Activity
Each and every line below goes into your answer unchanged, but leave out the images.

Collected material
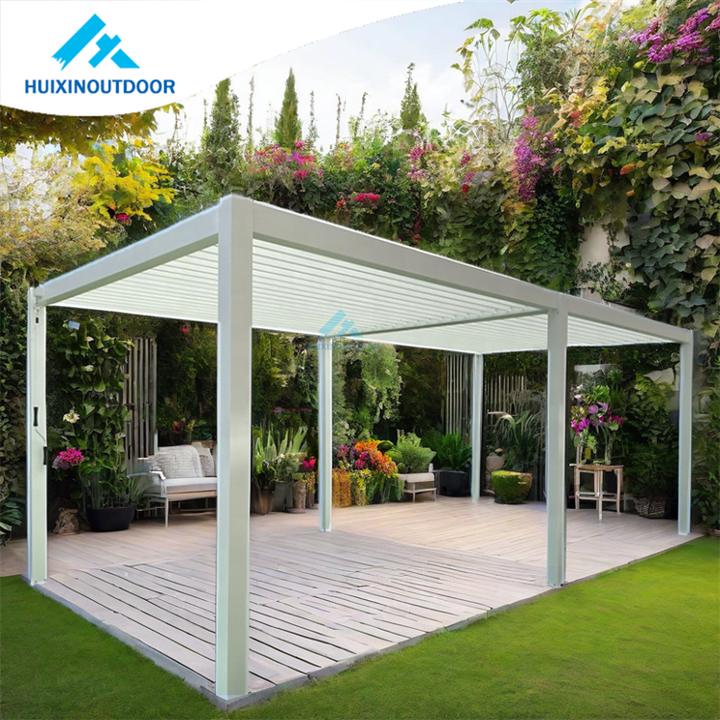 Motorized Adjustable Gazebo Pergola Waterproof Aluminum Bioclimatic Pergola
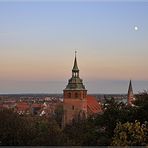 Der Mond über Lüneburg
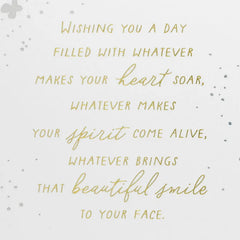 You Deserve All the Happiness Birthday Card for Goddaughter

Exercise response
 Motorized Adjustable Gazebo Pergola Waterproof Aluminum Bioclimatic Pergola
 Der Mond über Lüneburg
 You Deserve All the Happiness Birthday Card for Goddaughter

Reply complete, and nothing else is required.